* Try it: Restate word for word the lines of the entries below, starting with the line that holds "Псилоцибиновые грибы ЛСД Кинель" and ending with the line that holds "nazicat | NEVER", and no others.

* Extracted information:
■ ■ ■

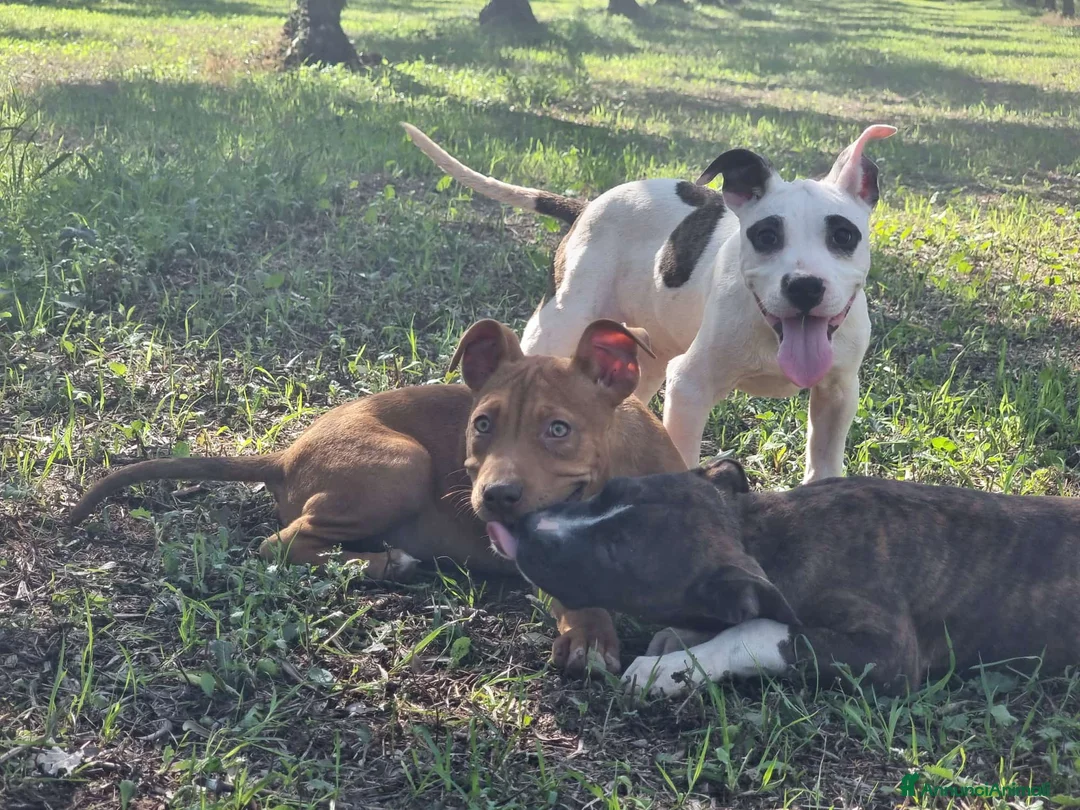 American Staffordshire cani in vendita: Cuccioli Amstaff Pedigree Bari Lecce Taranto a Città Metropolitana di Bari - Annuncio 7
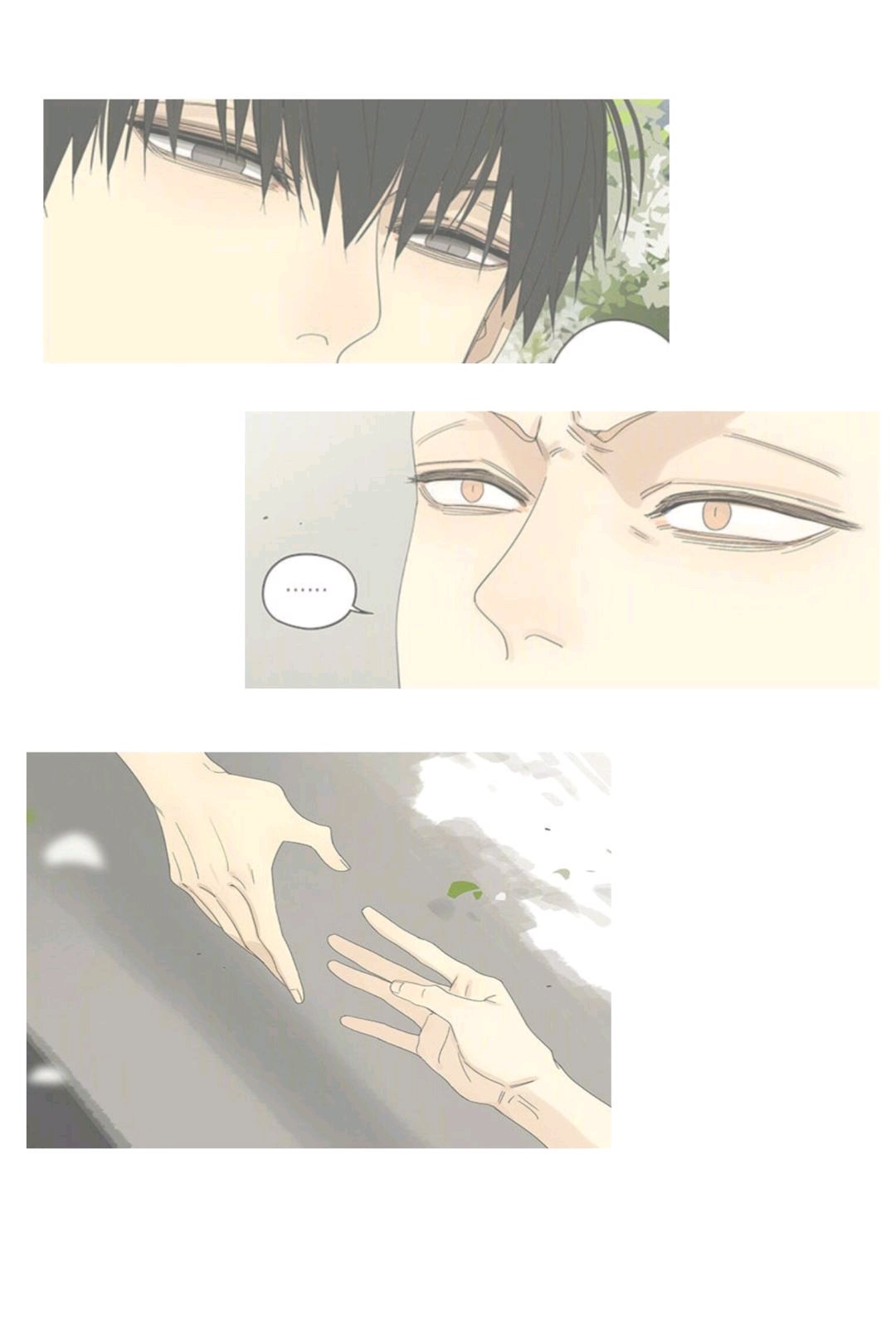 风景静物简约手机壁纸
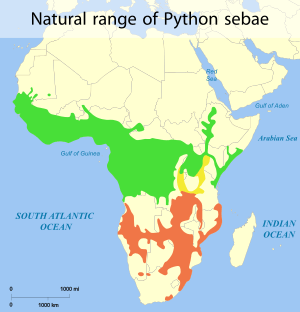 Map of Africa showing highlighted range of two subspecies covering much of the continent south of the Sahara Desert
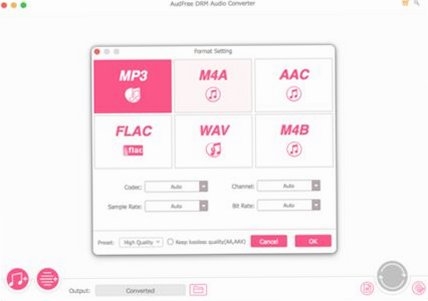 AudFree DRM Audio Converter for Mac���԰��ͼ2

■ ■ ■

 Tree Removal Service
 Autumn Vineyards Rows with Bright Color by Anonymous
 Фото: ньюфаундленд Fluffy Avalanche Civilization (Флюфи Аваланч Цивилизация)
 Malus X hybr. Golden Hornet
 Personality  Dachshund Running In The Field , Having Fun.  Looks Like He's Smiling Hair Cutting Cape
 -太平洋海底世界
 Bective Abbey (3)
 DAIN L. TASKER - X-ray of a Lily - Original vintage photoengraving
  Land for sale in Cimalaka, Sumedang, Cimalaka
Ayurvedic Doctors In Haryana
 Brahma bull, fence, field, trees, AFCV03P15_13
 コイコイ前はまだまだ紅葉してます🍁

■ ■ ■

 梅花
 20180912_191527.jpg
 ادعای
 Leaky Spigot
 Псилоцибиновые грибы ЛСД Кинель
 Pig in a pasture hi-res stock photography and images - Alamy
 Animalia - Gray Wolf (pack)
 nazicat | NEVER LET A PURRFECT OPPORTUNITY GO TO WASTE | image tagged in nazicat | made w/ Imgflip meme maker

■ ■ ■

* Task solution:
 Псилоцибиновые грибы ЛСД Кинель
 Pig in a pasture hi-res stock photography and images - Alamy
 Animalia - Gray Wolf (pack)
 nazicat | NEVER LET A PURRFECT OPPORTUNITY GO TO WASTE | image tagged in nazicat | made w/ Imgflip meme maker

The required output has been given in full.